Tiramisu is perhaps the most famous Italian dessert that has become world-famous. The original Tiramisu recipe has ladyfingers soaked in strong coffee, fitted with a fine, aerated cream of mascarpone with sugar and eggs and it is abundant in cocoa powder.
Tiramisu is a dessert for adults because it contains quite a large amount of caffeine and sometimes alcohol (sweet Marsala liqueur wine or Amaretto almond liqueur) and its name would translate as “pick me up!”. It is a refreshing dessert that actually energizes you.
Tiramisu is an Italian dessert that became famous in the 1960s. Its origins are disputed between the regions of Tuscany, Piedmont, Friuli Venezia Giulia and Veneto and its “birth” moment is unknown. It is speculated that it would have appeared in the 17th century in Siena but it is not very clear. This “dessert freddo” has become very popular because it is very tasty, refreshing and is prepared quickly and without fire (cold).
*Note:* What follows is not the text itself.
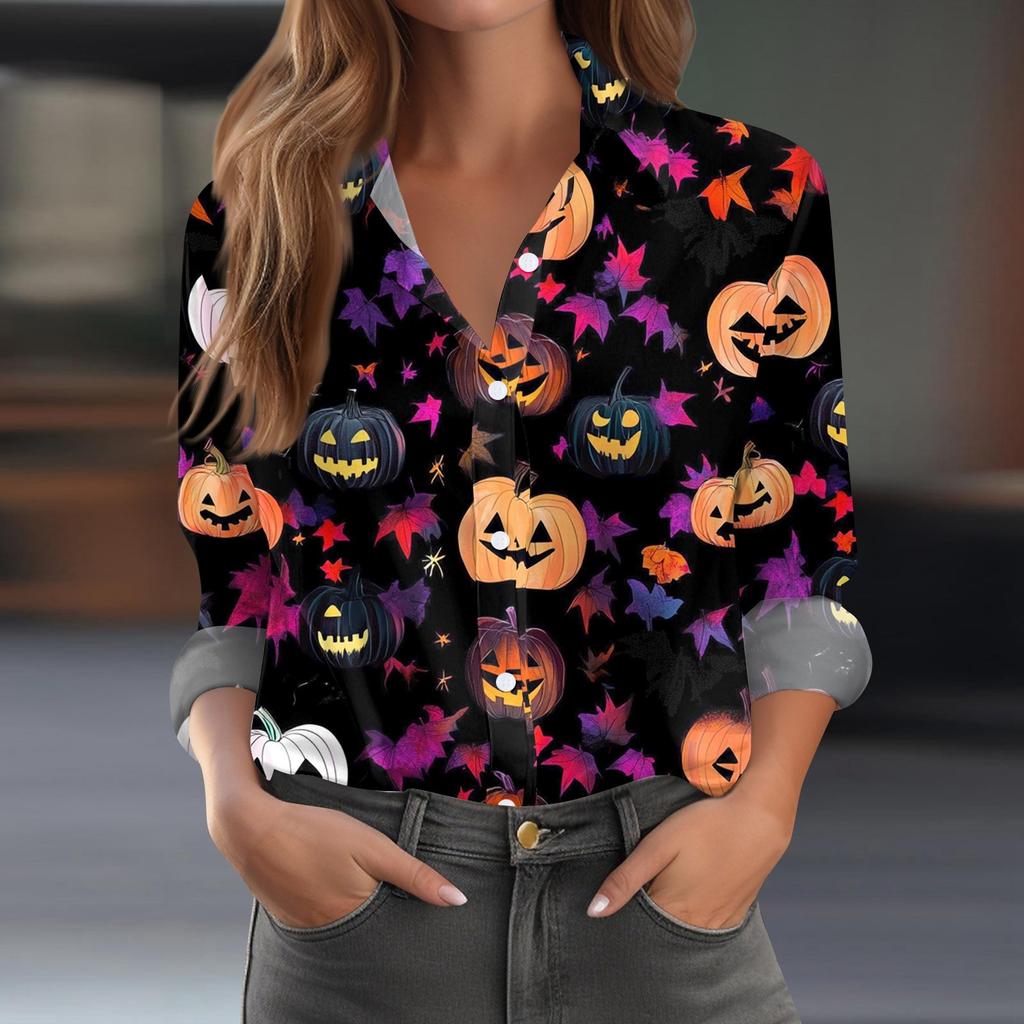 Damen Hemd Bluse Halloween Print Knopf Langarm Lässig Basic Hemdkragen Regulär Top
The quality of the ingredients is very important: the mascarpone should be natural, the coffee should be strong, genuine, aromatic, properly prepared and the eggs should be fresh.
FOR THE CREAM:
4 large egg yolks
½ cup/100 grams granulated sugar, divided
¾ cup heavy cream
1 cup/227 grams mascarpone (8 ounces)
FOR THE ASSEMBLY:
1 ¾ cups good espresso or very strong coffee
2 tablespoons rum or cognac
2 tablespoons unsweetened cocoa powder
About 24 ladyfingers (from one 7-ounce/200-gram package)
1 to 2 ounces bittersweet chocolate, for shaving (optional)
- Using an electric mixer in a medium bowl, whip together egg yolks and 1/4 cup/50 grams sugar until very pale yellow and about tripled in volume. A slight ribbon should fall from the beaters (or whisk attachment) when lifted from the bowl. Transfer mixture to a large bowl, wiping out the medium bowl used to whip the yolks and set aside.
- In the medium bowl, whip cream and remaining 1/4 cup/50 grams sugar until it creates soft-medium peaks. Add mascarpone and continue to whip until it creates a soft, spreadable mixture with medium peaks. Gently fold the mascarpone mixture into the sweetened egg yolks until combined.
- Combine espresso and rum in a shallow bowl and set aside.
- Using a sifter, dust the bottom of a 2-quart baking dish (an 8×8-inch dish, or a 9-inch round cake pan would also work here) with 1 tablespoon cocoa powder.
- Working one at a time, quickly dip each ladyfinger into the espresso mixture — they are quite porous and will fall apart if left in the liquid too long — and place them rounded side up at the bottom of the baking dish. Repeat, using half the ladyfingers, until you’ve got an even layer, breaking the ladyfingers in half as needed to fill in any obvious gaps (a little space in between is O.K.). Spread half the mascarpone mixture onto the ladyfingers in one even layer. Repeat with remaining espresso-dipped ladyfingers and mascarpone mixture.
- Dust top layer with remaining tablespoon of cocoa powder. Top with shaved or finely grated chocolate, if desired.
- Cover with plastic wrap and let chill in the refrigerator for at least 4 hours (if you can wait 24 hours, all the better) before slicing or scooping to serve.